If auld acquaintance be forgot, here's why
Imagine New Year's eve with The Only Way is Essex
The new Year's eve just gone was a significant one for me - it was my first without my three children since 2006 (my ex-wife was looking after them). This meant I could go out and get plastered and stay up till the early hours without fear of setting a bad example to minors.
Problem was, I didn't want to pay exorbitant holiday prices for a cab, so I decided to go wild and drive to a friend's in Barnet, where I would spend the evening with people I've known since the '60s.
It wasn't quite as tame as that sounds, because said friend was celebrating a significant birthday and he intended to do so in style. And by "in style" I mean "inebriated": there was more drink at his house than at most pubs. Not just beer and wine, either, but spirits and cocktails, the latter concocted by a team of professionals sporting dicky bows and dress shirts.
Yup, this was a posh do - we're talking High Barnet, not its poor relations New or (God forbid) East. You may be surprised to learn that my social circle doesn't entirely comprise impoverished freelance music journalists trying to eke a living interviewing members of obscure indie bands. Some of my friends have successful careers where they earn proper amounts of money, the sort that enable you to buy big houses in the suburbs and throw parties where the kitchen is substantial enough to contain paid staff and enough Jews to make a dozen minyans.
If you didn't know better, you'd swear, sneaking a glance at the smartly dressed lapsed soul boys and immaculately tanned, made-up and designer-clad women, that you'd stepped onto the set of a Jewish version of The Only Way Is Essex - a reality TV show about the trials and tribulations of north-west London's moneyed classes that they could conceivably title Have We Got Jews For You, or (considering some of the things they've seen and done) Herts Of Darkness.

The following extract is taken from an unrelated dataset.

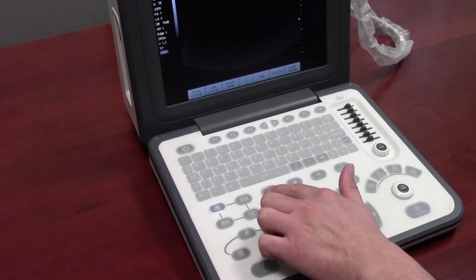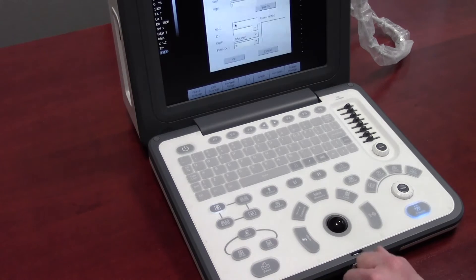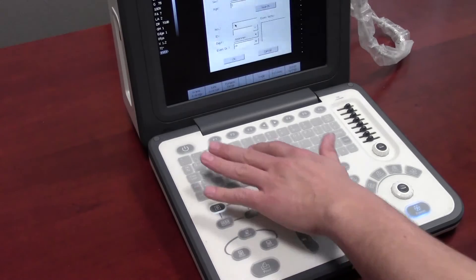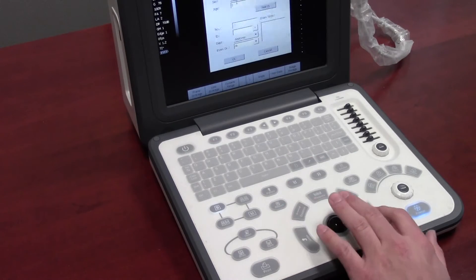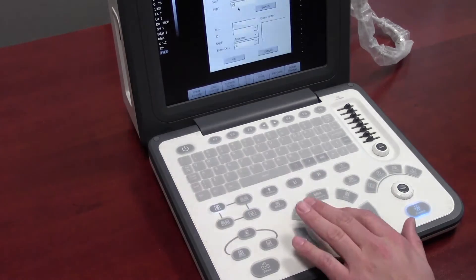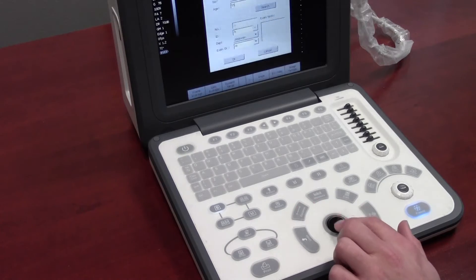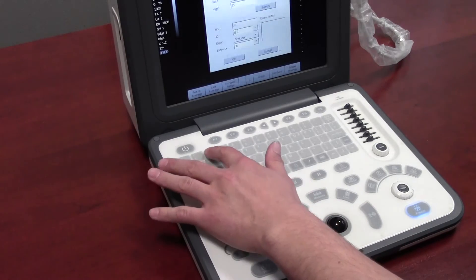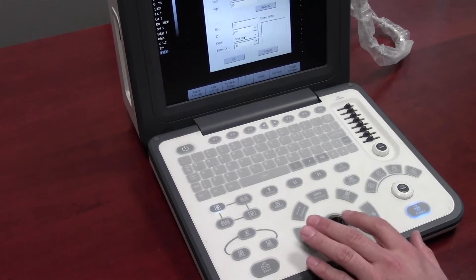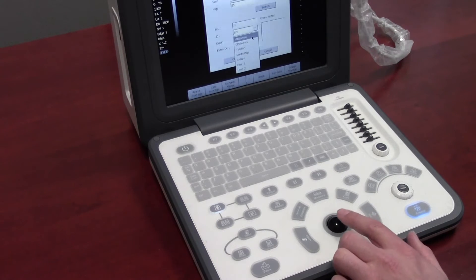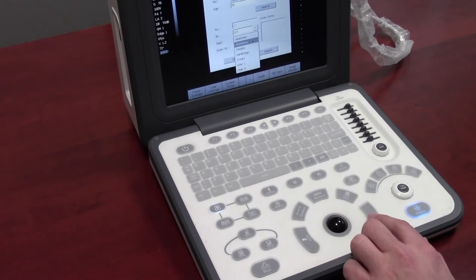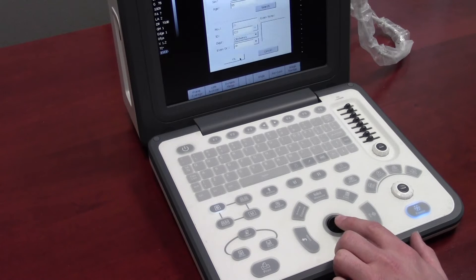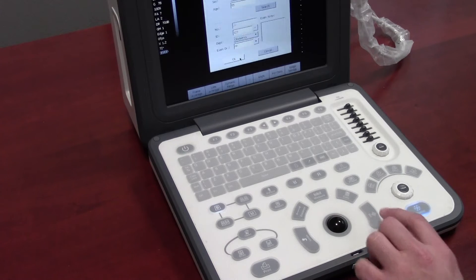The next thing you want to do is start a new patient by pressing the patient key. Input your information. Make sure that your ID number is specific to that particular patient. The department will relate to the application. You can also add the doctor's name in here and press OK once you're finished.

Things got pretty dark on New Year's eve, or at least, dark with a hint of comedy, possibly because most of the assembled were, well before midnight, steaming drunk. Those bottles of spirits got polished off faster than you can say "pass the Courvoisier".
Of course, having to drive home meant I remained stone-cold sober, and that in turn meant that any chit-chat was always going to be a little comical and involve no small degree of confusion due to slurring - theirs, not mine. The fact that said banter took place against a background of deafening funk hits from the early '80s merely added to the bewilderment. My attempt to explain to the wife of a good friend that I'd just done an interview with British rapper Wretch 32, who has had two number one singles and a top five album, was particularly painful.
"Who?" she yelled in my ear to the strains, appropriately, of Luther Vandross's Never Too Much. It was like something out of a bad sitcom. "Wretched Doo? Ratchet Screw?" She really was quite puzzled - I had discussions with my late grandmother that demonstrated a keener awareness of the pop scene than this.
On January 1, following Jewish protocol to the letter - you always do the next-day thank you after a meal or party -- I posted a message on the birthday boy's Facebook page, where I joked that not drinking the night before made some of my encounters a tad less enjoyable than they might have been under the influence. I also made the mistake of singling out one of his relations that "my conversations with X would have been more bearable had I been out of my gourd". Approximately 11 seconds later I got a text from X.
"Thanks for that, you…!" it read, using an expletive not fit for a family newspaper. Immediately I sent a text back, apologising, and explaining that it was meant to be funny. His response was to command me to go forth and multiply, but not in those words.
So that's two theories about Jewish people disproved - that we don't drink, and that we have a sense of humour.
I think, on reflection, that I'll stay in with the children next year.